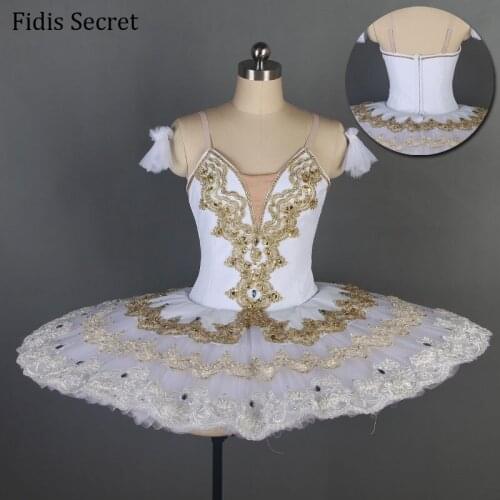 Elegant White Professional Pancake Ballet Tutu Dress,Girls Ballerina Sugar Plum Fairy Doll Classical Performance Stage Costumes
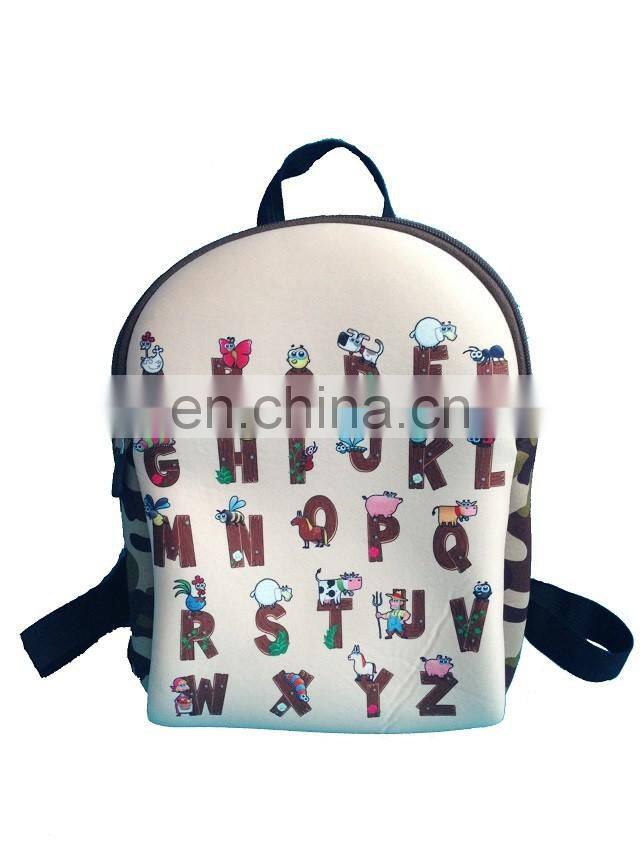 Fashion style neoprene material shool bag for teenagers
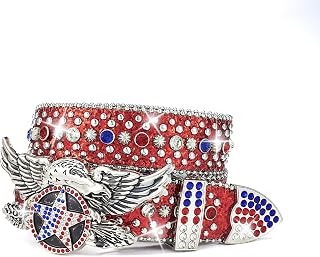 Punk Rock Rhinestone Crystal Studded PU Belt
...
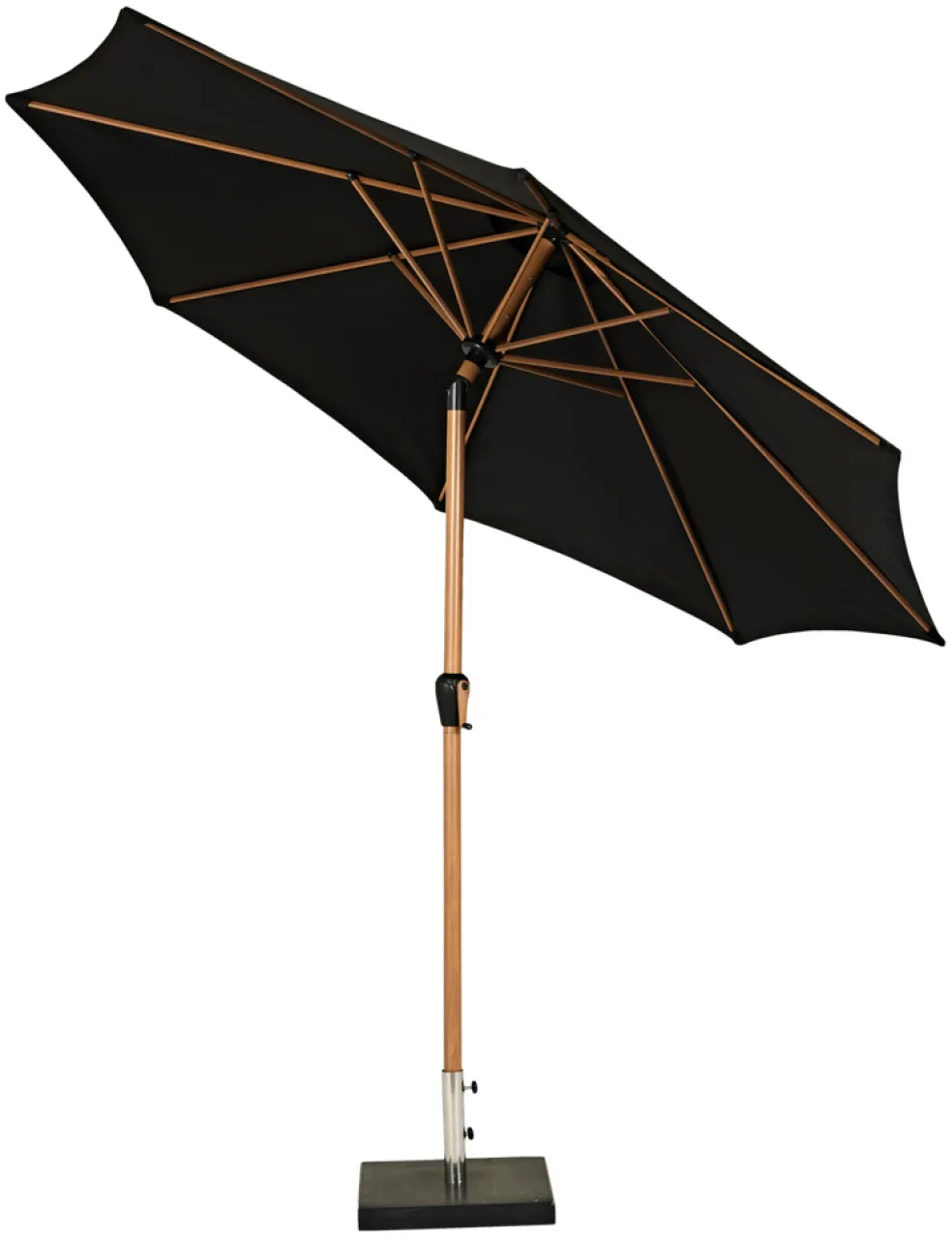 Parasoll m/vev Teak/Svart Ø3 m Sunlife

[Goal of the exercise]:
Your answer should be the lines above, word for word, from the line with "Fashion style neoprene" through the line with "Punk Rock Rhinestone Crystal Studded PU Belt", minus the pictures.

[Answer section]:
 Fashion style neoprene material shool bag for teenagers
 Punk Rock Rhinestone Crystal Studded PU Belt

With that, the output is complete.